**TASK DESCRIPTION**: Exactly the lines from the opening of the data through the line containing "EPCOM POWERLINE PL63ACA" should be reproduced, please, with nothing added.

# # # # #

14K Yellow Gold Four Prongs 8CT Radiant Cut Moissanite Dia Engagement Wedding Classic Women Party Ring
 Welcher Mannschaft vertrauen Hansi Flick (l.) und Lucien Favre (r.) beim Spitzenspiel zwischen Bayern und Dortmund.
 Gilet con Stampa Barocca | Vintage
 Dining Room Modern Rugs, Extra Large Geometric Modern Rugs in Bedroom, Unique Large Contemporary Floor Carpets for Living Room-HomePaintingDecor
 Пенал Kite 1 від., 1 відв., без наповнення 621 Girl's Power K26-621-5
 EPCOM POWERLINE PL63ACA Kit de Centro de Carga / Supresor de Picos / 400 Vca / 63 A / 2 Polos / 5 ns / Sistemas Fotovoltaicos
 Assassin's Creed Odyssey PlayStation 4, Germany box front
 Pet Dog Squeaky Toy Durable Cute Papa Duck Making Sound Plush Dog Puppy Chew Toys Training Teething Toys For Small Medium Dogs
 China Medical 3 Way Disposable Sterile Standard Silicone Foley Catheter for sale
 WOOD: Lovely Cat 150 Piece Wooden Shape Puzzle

# # # # #

**ANSWER**:
14K Yellow Gold Four Prongs 8CT Radiant Cut Moissanite Dia Engagement Wedding Classic Women Party Ring
 Welcher Mannschaft vertrauen Hansi Flick (l.) und Lucien Favre (r.) beim Spitzenspiel zwischen Bayern und Dortmund.
 Gilet con Stampa Barocca | Vintage
 Dining Room Modern Rugs, Extra Large Geometric Modern Rugs in Bedroom, Unique Large Contemporary Floor Carpets for Living Room-HomePaintingDecor
 Пенал Kite 1 від., 1 відв., без наповнення 621 Girl's Power K26-621-5
 EPCOM POWERLINE PL63ACA Kit de Centro de Carga / Supresor de Picos / 400 Vca / 63 A / 2 Polos / 5 ns / Sistemas Fotovoltaicos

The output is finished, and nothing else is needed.